In a pooled analysis of two prospective studies with 88,658 Japanese men and women, fruit and vegetable consumptions, were not associated with a lower risk of colorectal cancer (705 cases); multivariate relative risk (95% confidence interval) for the highest vs the lowest quartile of intake being 0.92 (0.70-1.19) and 1.00 (0.79-1.27), respectively.     
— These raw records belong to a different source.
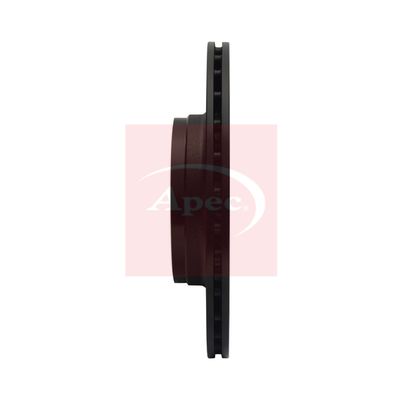 Apec DSK4095 Brake Disc - 2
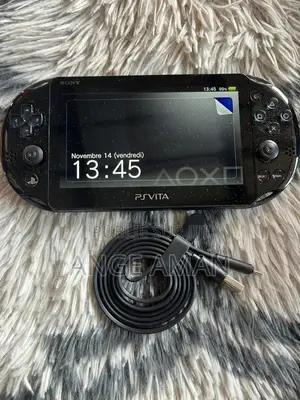 Psvita Slim Craquée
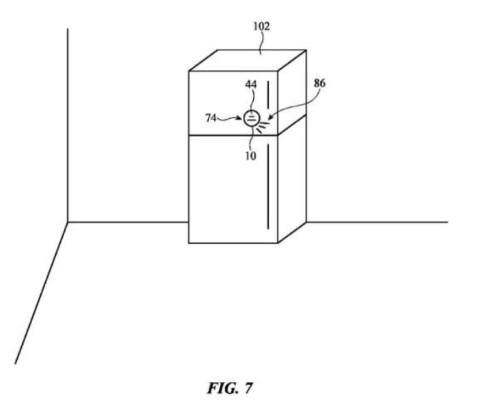 Apple запатентовала «цифровой камень» для умного дома и VR-гарнитур - Digital Stone 7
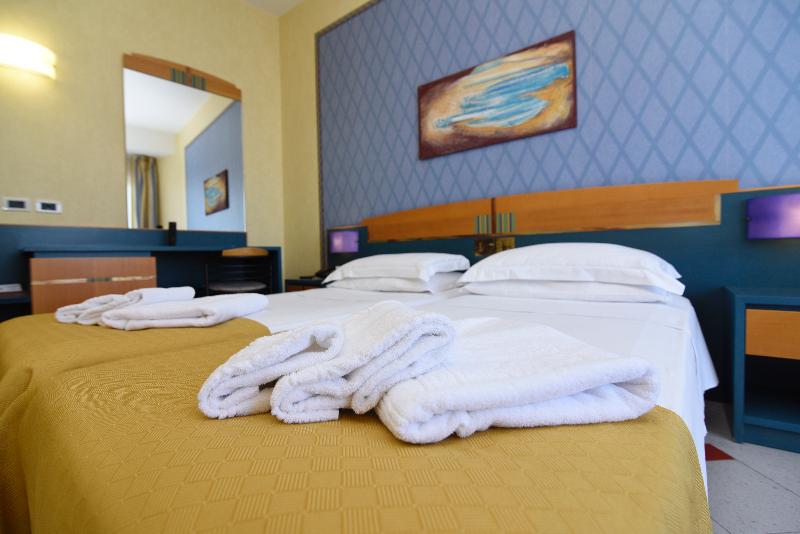 标准间, Grand Hotel President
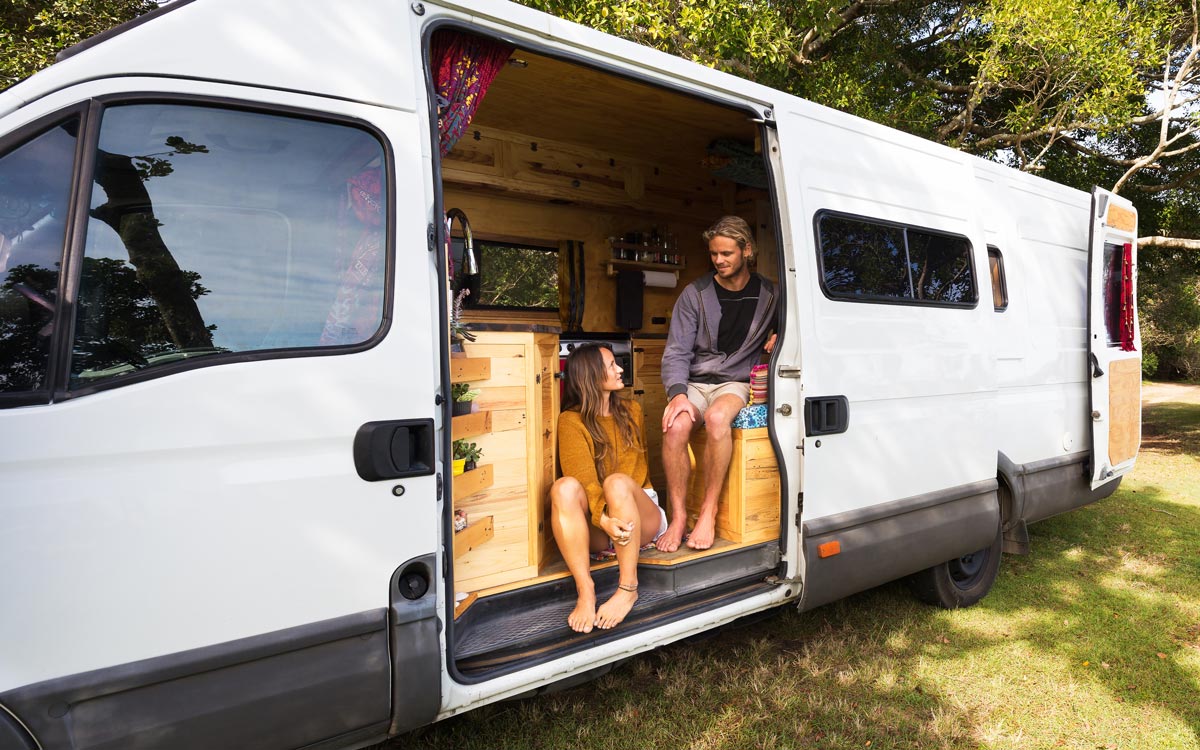 Campervans and Family glamping in Yorkshire at the hideaway Husthwaite. contact today for Glamping Yorkshire. 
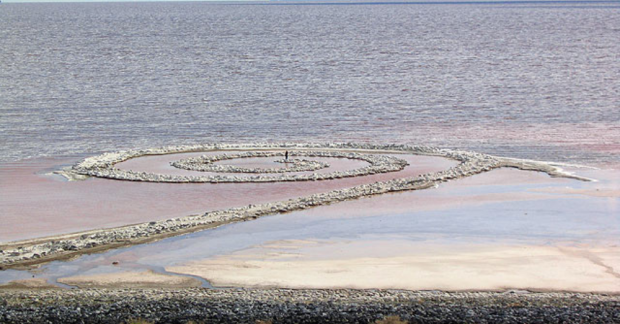Land Art: Yeryüzünde İz Bırakmak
Fruit and vegetable consumption and risk of bladder cancer: a prospective cohort study

Fruit and vegetable consumption has been inconsistently associated with risk of bladder cancer. We used data from a prospective population-based cohort study of 82,002 Swedish women and men to examine the association between fruit and vegetable consumption and bladder cancer incidence. Diet was assessed with a validated food frequency questionnaire. During a mean follow-up of 9.4 years, 485 incident cases of bladder cancer were identified in the Swedish cancer registries. We found no statistically significant association between intakes of total fruits and vegetables, total fruits, or total vegetables and bladder cancer risk after adjustment for age, sex, education, and cigarette smoking. The multivariate rate ratios (95% confidence intervals) comparing the highest with the lowest quartile of intake were 0.80 (0.60-1.05) for total fruits and vegetables, 0.93 (0.69-1.25) for fruits, and 0.89 (0.67-1.19) for vegetables. Likewise, no associations were observed for citrus fruits, cruciferous vegetables, or green leafy vegetables. The associations did not differ by sex or smoking status. In conclusion, findings from this prospective study suggest that fruit and vegetable intakes are not likely to be appreciably associated with the risk of bladder cancer.     
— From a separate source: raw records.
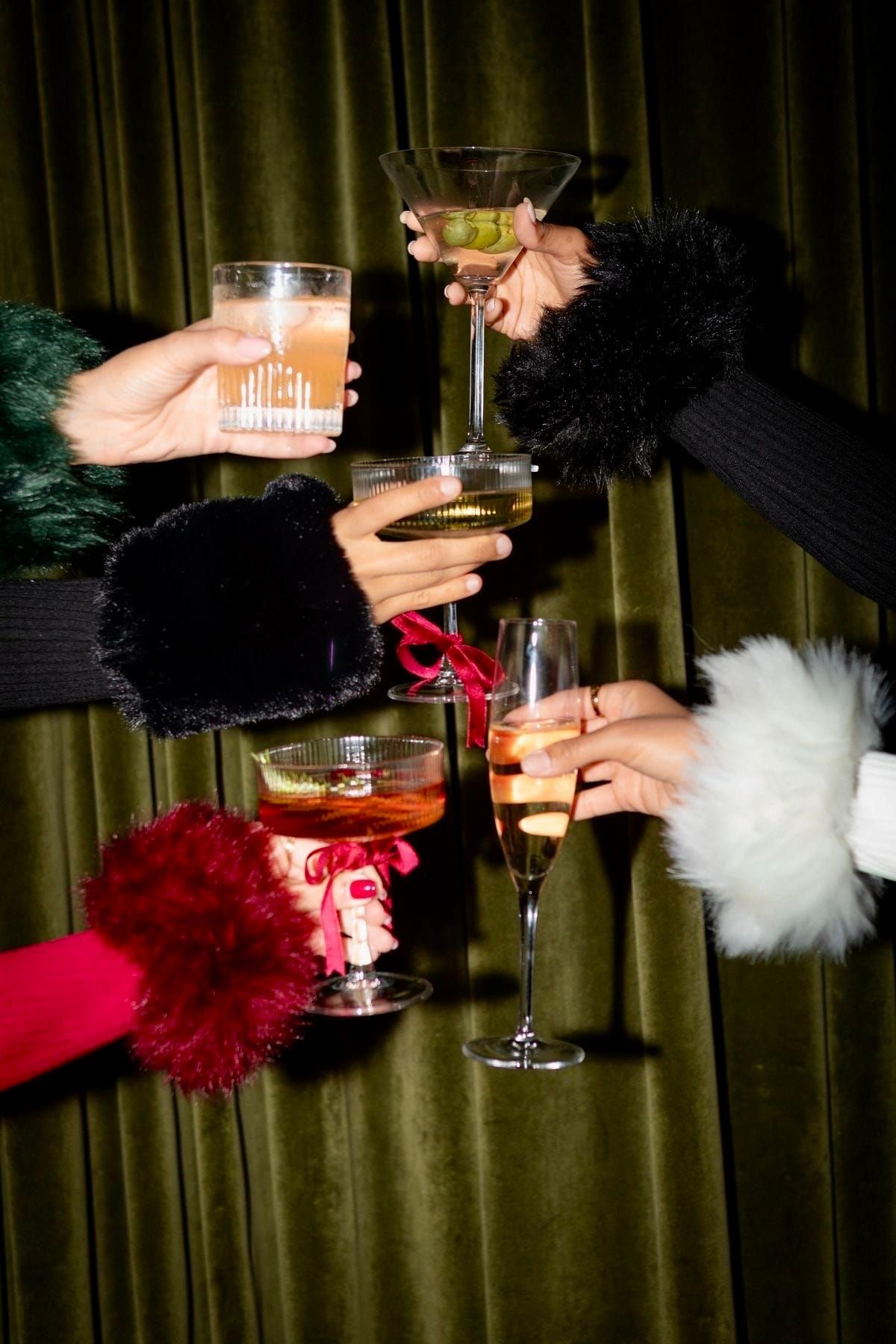 Christmas With a Difference - The Social Calendar That Doesn’t Drain You
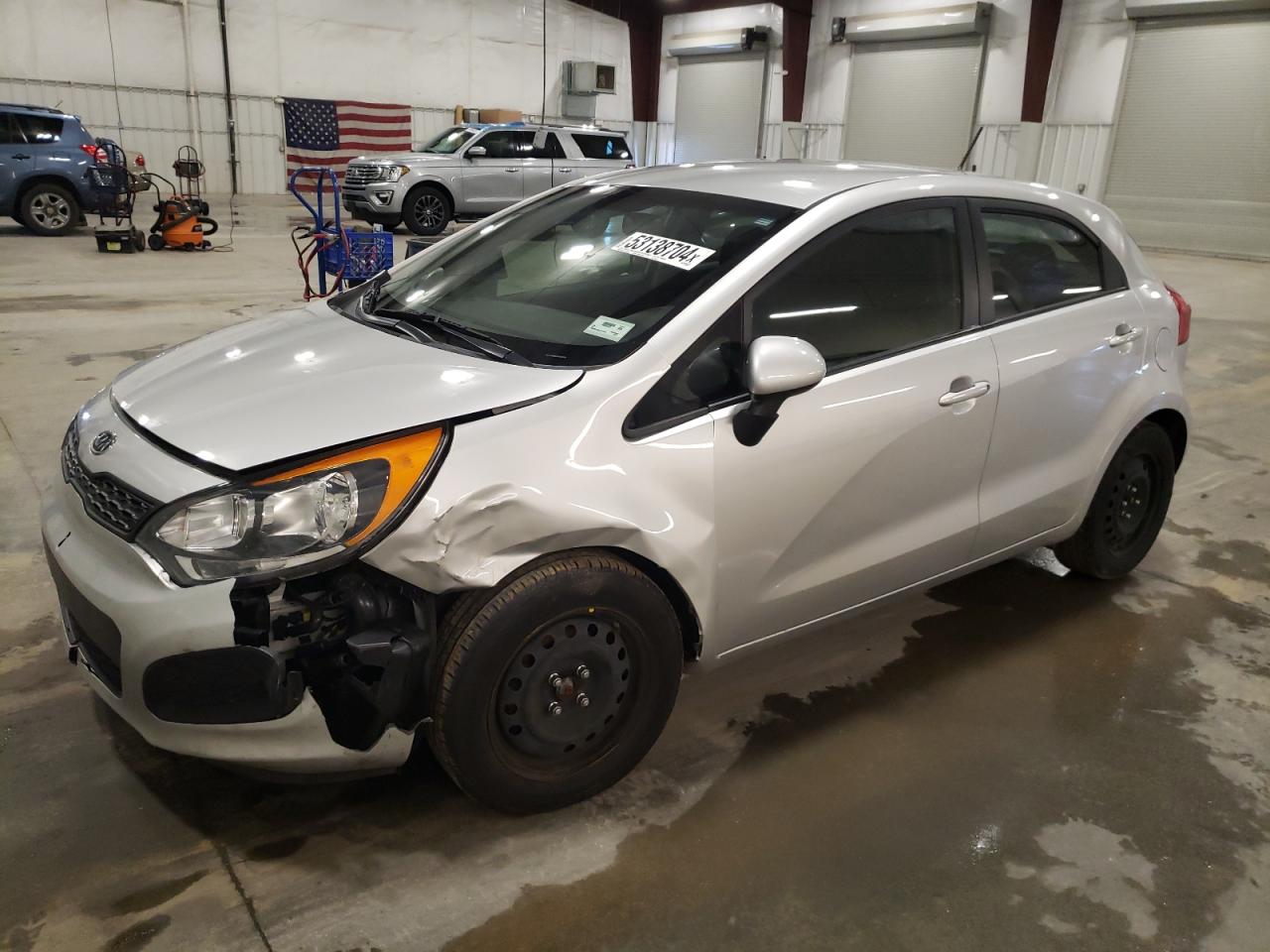 2013 KIA RIO LX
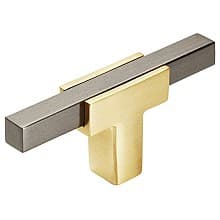 2-5/8" Urbanite T-Handle Knob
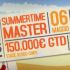 Qualficati per il “Summertime Master” di Glaming Poker di stasera: in palio 150.000 euro garantiti!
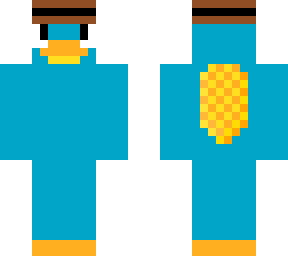 agent p!
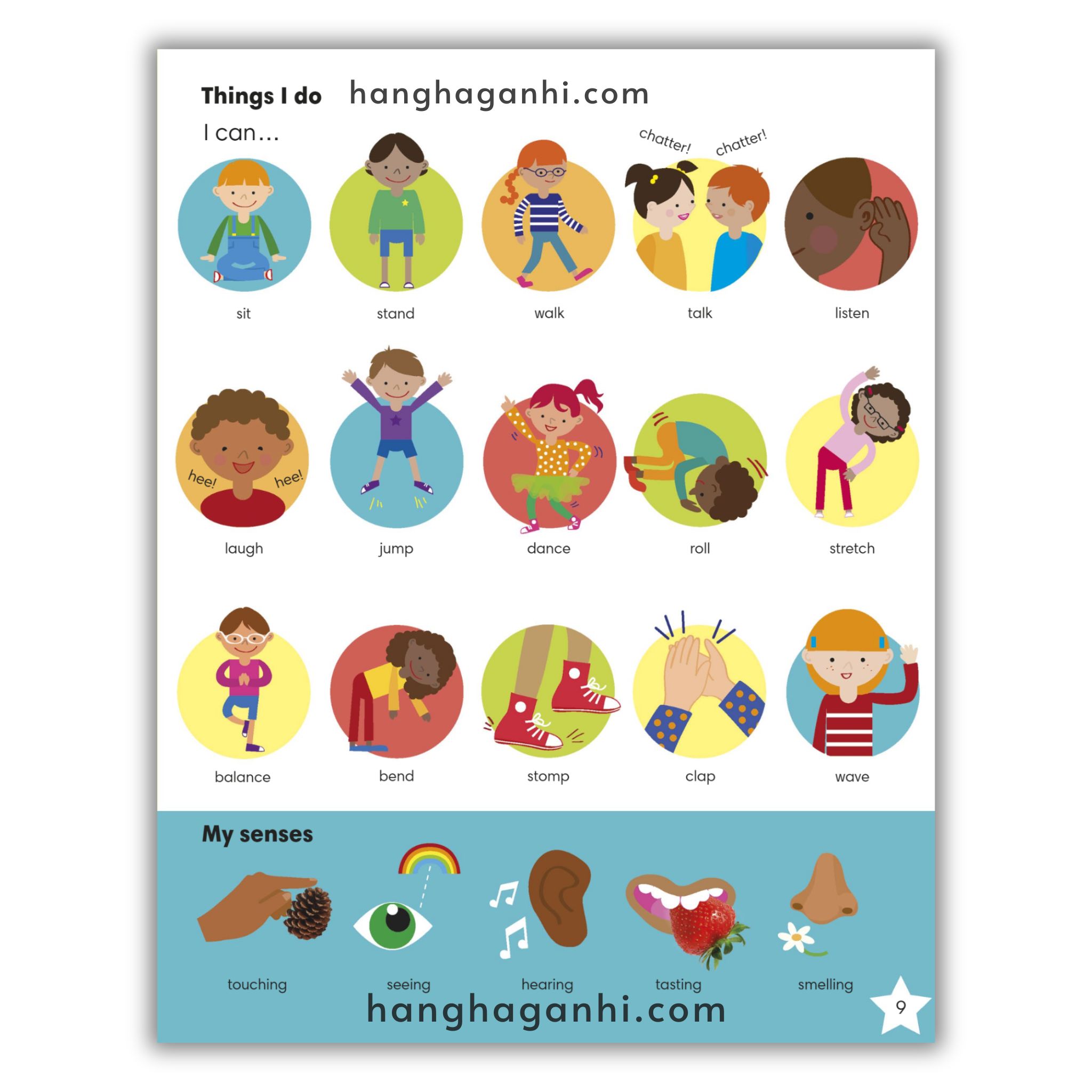 Sách 1000 Useful words – Sách học từ vựng tiếng Anh cho bé_thumbnail_9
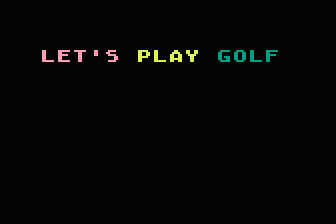 Golf Pro — screenshot 1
Fruit and vegetable consumption and incidence of gastric cancer: a prospective study.

BACKGROUND: Whether fruit and vegetable consumption may confer protection from gastric cancer remains controversial. METHODS: We prospectively investigated the association between consumption of fruits and vegetables and the incidence of gastric cancer among participants from two population-based cohort studies: 36,664 women in the Swedish Mammography Cohort and 45,338 men in the Cohort of Swedish Men. Participants completed a food-frequency questionnaire in 1997 and were followed up for cancer incidence through June 2005. Cox proportional hazards models were used to estimate multivariate hazard ratios (HR) and 95% confidence intervals (95% CI). RESULTS: During a mean follow-up of 7.2 years, we ascertained 139 incident cases of gastric cancer. Vegetable consumption was inversely associated with risk of gastric cancer, whereas no significant association was observed for fruit consumption. After controlling for age and other risk factors, women and men who consumed > or =2.5 servings/d of vegetables had a HR of 0.56 (95% CI, 0.34-0.93) for developing gastric cancer compared with those who consumed <1 serving/d. The respective HR for fruit consumption was 0.86 (95% CI, 0.52-1.43). Among specific subgroups of vegetables, consumption of green leafy vegetables and root vegetables was inversely associated with risk of gastric cancer; the multivariate HRs comparing > or =3 servings/wk with <0.5 serving/wk were 0.64 (95% CI, 0.42-0.99) for green leafy vegetables and 0.43 (95% CI, 0.27-0.69) for root vegetables. CONCLUSIONS: Frequent consumption of vegetables may reduce the risk of gastric cancer.